Charlie Rangel’s tax reform bill isn't likely to become law anytime soon. Yet its already an active part of the presidential campaign, as Republicans try to reclaim control of the tax issue in advance of the 2008 elections.
The house ways and means chairman proposes some big tax cuts--eliminating the alternative minimum tax for those earning less than $200,000 a year and reducing the top corporate tax rate to 30.5%. But Republicans are hammering at the increases: a 4% surtax on incomes above $200,000, taxing "carried interest” as ordinary income rates, and elimination of important tax breaks benefiting some companies.
That lengthens the list of proposals Republicans are using to try and revive the Democrats old tax and spend reputation:
--Raising cigarette taxes.
--Rolling back bush tax cuts for upper income Americans.
--Removing oil and Drug Company tax breaks.
--Raising capitol gains taxes.
In each case, Democrats say they have good reasons: to expand health care, develop alternative energy sources, cut the deficit, or make the tax code more fair.
But Republicans need to close this gap from a recent Wall Street Journal/NBC poll, which asked: who's better on handling taxes?
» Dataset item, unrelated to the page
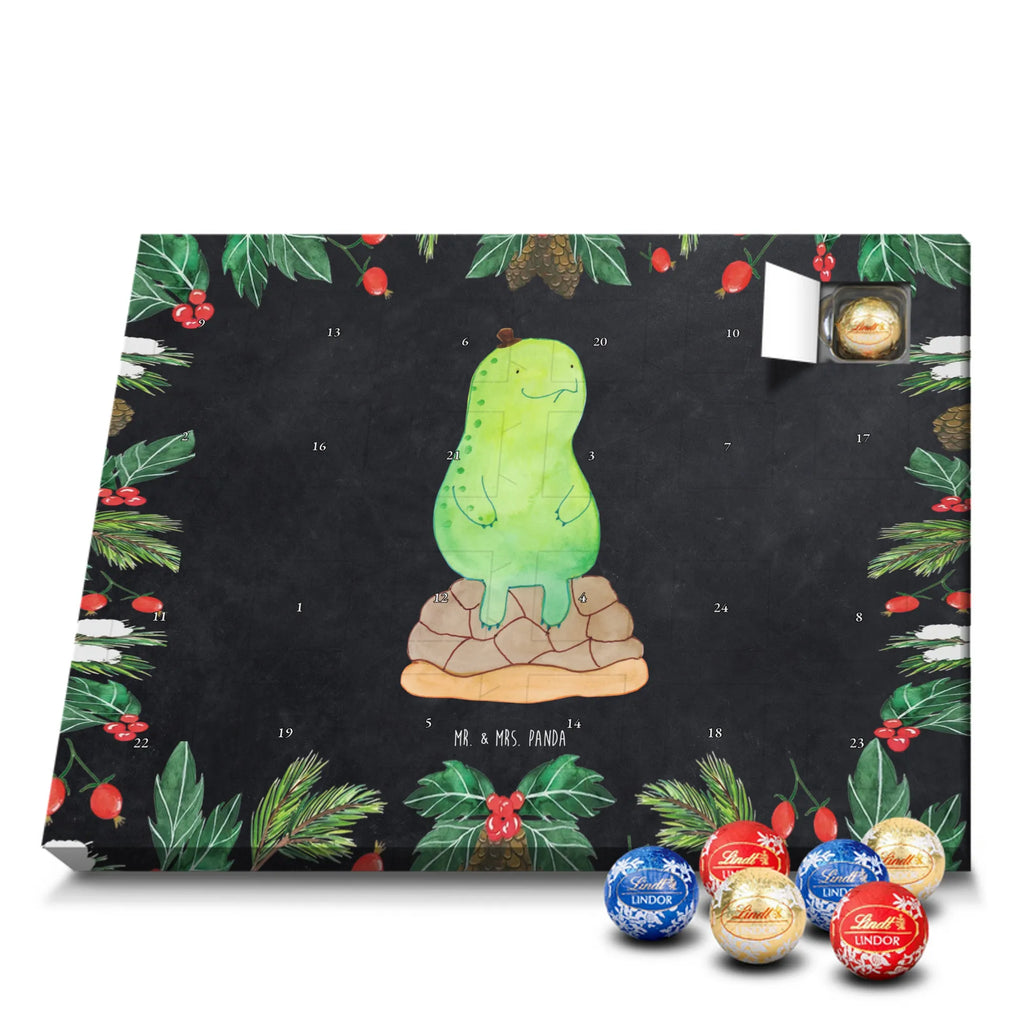 Weihnachtskalender Schildkröte Pause pralinen adventskalender, schokolade adventskalender, Weihnachtskalender, kalender weihnachten, schokoladenkalender, schoko weihnachtskalender, Schokoladen-Adventskalender, Schokoladen-Weihnachtskalender, Weihnachtskalender Schokolade, süßigkeiten kalender, adventskalender pralinen, adventskalender schoko, Weihnachts Kalender, Schokoladen Adventskalender, schoko kalender, schokoladen kalender, Weihnachten Adventskalender, Schoko-Adventskalender, süßigkeiten adventskalender, kalender schokolade, Schoko Adventskalender, schokokalender, weihnachtskalender schoko, Adventskalender Schokolade, adventskalender süßigkeiten, Adventskalender, Schildkröte, Achtsamkeit, Entschleunigen, Achtsam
The answer was worrisome for Republican strategists: 36% said Democrats, and just 27% said Republicans.
Which is why Republicans immediately demanded to know today whether Hillary Clinton supports the Rangel tax bill. So far the Clinton team's response has been silence.
UPDATE: OK, it's not silence from Team Clinton anymore, but the statement I've now received from the front-runner's spokesman Phil Singer is as close as a statement can come to silence: "Senator Clinton and Rep. Rangel share the broad goal of progressive tax reform. We welcome Rep. Rangel's leadership on this issue and will study his proposal closely."